> PROVIDED DATA:
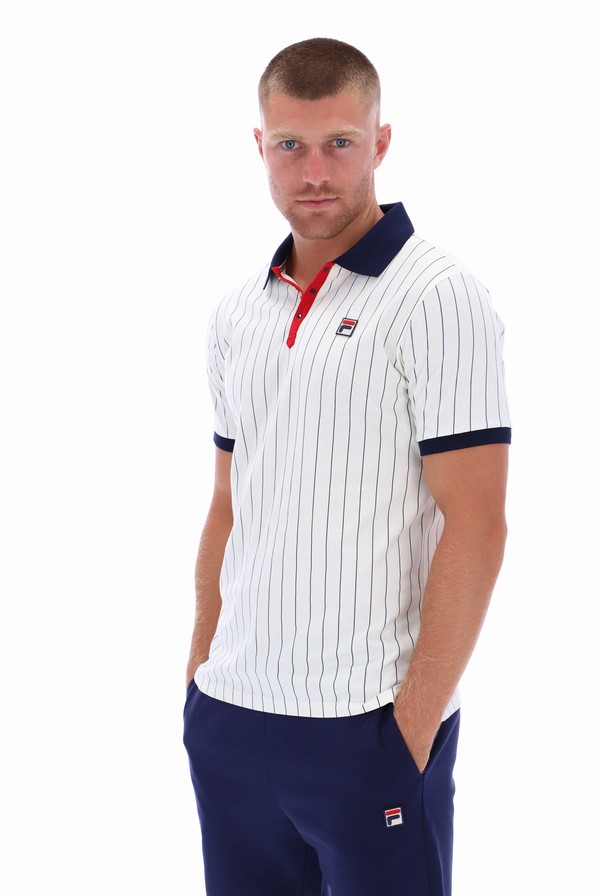 Navy / Red Fila BB1 Classic Vintage Striped Men Polo Shirts | 9108CKGUE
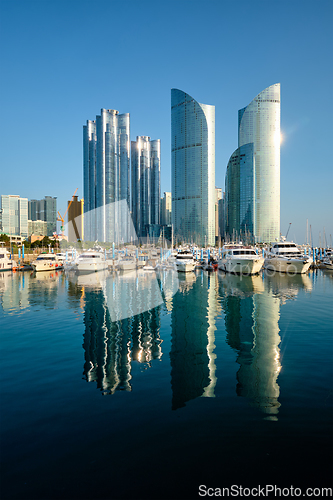 Image of Busan marina with yachts on sunset, South Korea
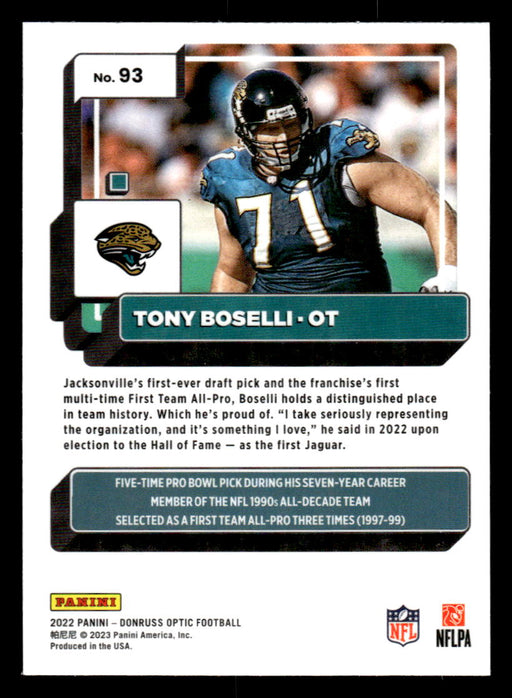 Tony Boselli 2022 Panini Donruss Optic Football Base Back of Card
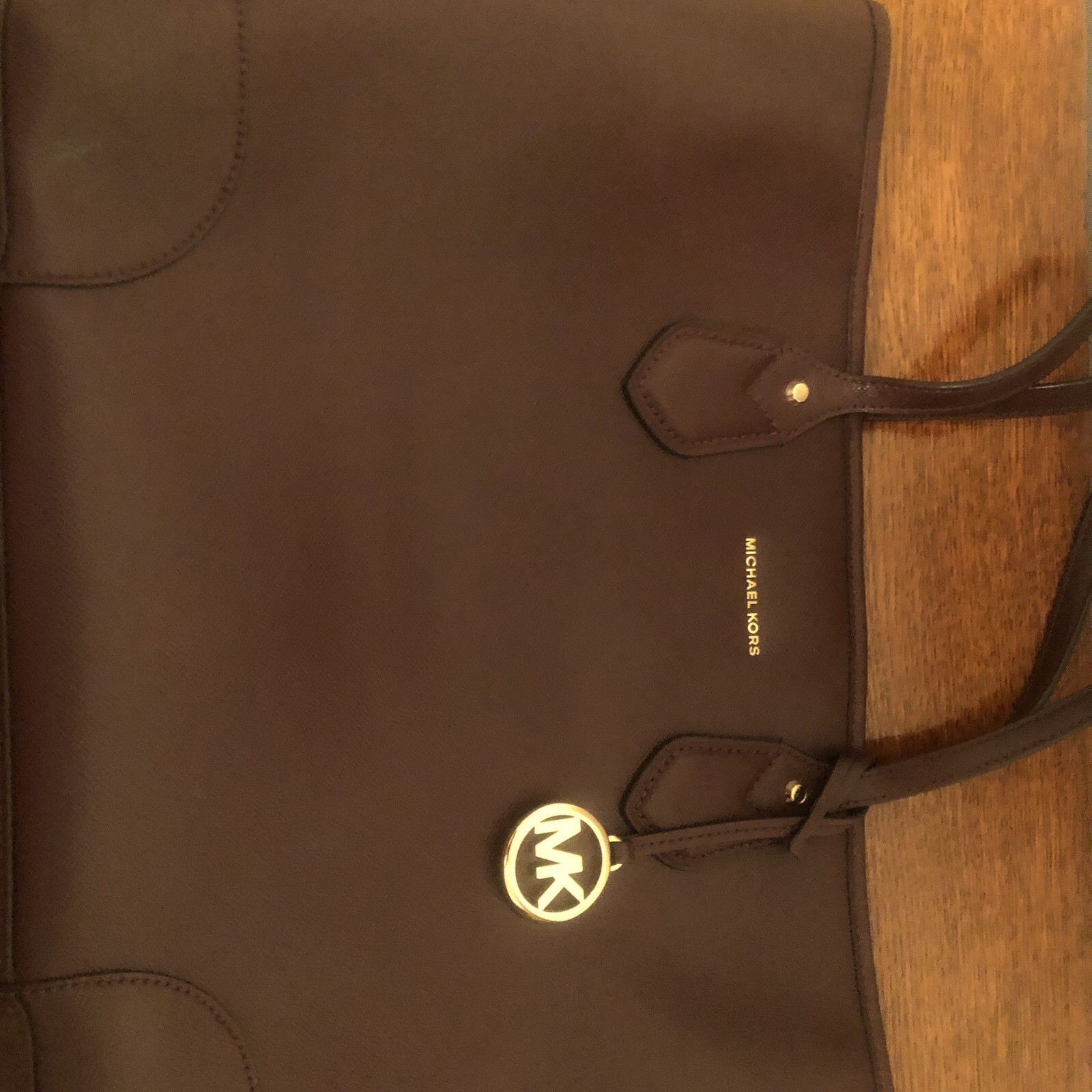 Michael Kors Large Jet Set Tote Dark Brown Saffiano Cross Grain Leather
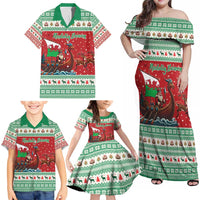 Wales Viking Santa Christmas Family Matching Off Shoulder Maxi Dress and Hawaiian Shirt Funny Reindeer Norse Xmas - Wonder Print Shop
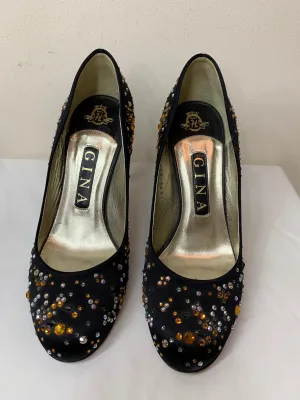 Gina Black Heels with Crystals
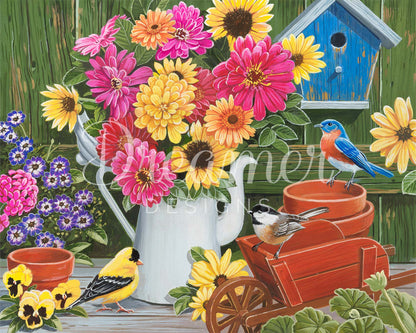 Spring Bouquet with Birds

> ASSIGNMENT: Exactly restate the lines from the one holding "Wales Viking Santa" to the final line of the records above, including both and excluding pictures.

> ANSWER BOX:
 Wales Viking Santa Christmas Family Matching Off Shoulder Maxi Dress and Hawaiian Shirt Funny Reindeer Norse Xmas - Wonder Print Shop
 Gina Black Heels with Crystals
 Spring Bouquet with Birds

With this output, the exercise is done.